KUALA LUMPUR: When Shell engineer Incham Serdin quit his job four years ago to start a small palm plantation in his native Malaysia, prices of the fleshy fruit bunches used to make the world’s most-consumed vegetable oil were bubbling near their peak.
But prices have since halved for smallholders like Incham, falling 30% this year alone as the Covid-19 pandemic slashes demand and wipes out profits for many farmers with 40ha of land or less.
To survive, smallholders in Malaysia and Indonesia – which together account for 85% of global palm oil production – are cutting back on spending, particularly on expensive fertilisers and replanting old trees.
With small farmers making up a third of output, the cuts are set to hit production, not just in 2020 but also next year when demand for the oil used in everything from noodles to lipstick is expected to rebound as the health crisis eases, farmers and analysts said.

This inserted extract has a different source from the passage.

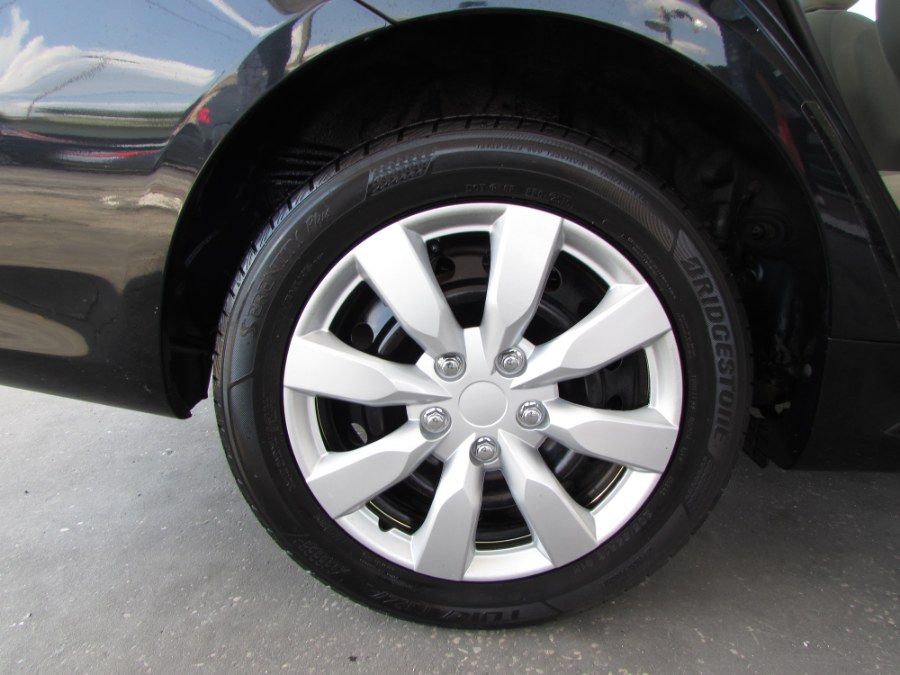 Used Toyota Corolla 4dr Sdn Auto LE (Natl) 2013 | VIP Auto Enterprise, Inc. Orlando, Florida Used Toyota Corolla 4dr Sdn Auto LE (Natl) 2013 | VIP Auto Enterprise, Inc. Orlando, Florida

“What you get currently is just enough to pay the workers,” Incham, 59, said by phone from Sarawak, Malaysia’s biggest palm producing state by cultivation area where he has a 40ha plantation.
“For those people with landholdings of 4ha or so, there’s barely enough to put food on the table.”
Fertiliser makes up 30%-50% of the cost of production for smallholders and any lower application of the nutrients typically shows in output six months to a year later. Incham said his yields could fall by 20%-40% as he halves fertiliser usage to 1.5 kg per tree per quarter.
With the price of fresh fruit bunches (FFB) now at about RM330 a tonne, Malaysia’s biodiesel association has estimated that palm oil output this year will fall 10% to about 18 million tonnes. It has yet to give an estimate for next year.
“A lot of people are facing credit crunch and cash flow issues,” said Malaysian Palm Oil Association chief executive Datuk Nageeb Wahab.
In Indonesia, farmers are using the minimum recommended dosage of fertiliser, said Gulat Manurung, chairman of the Palm Farmers Association, likely cutting output to 1.4 tonnes per hectare per month from the usual 1.5 tonnes.
Some farmers, however, are facing a worse dilemma.
Yusro Fadli, a smallholder in Rokan Hulu in Riau province, said the fresh fruit price has dropped below 1,000 rupiah per kg (RM295 a tonne) in his region.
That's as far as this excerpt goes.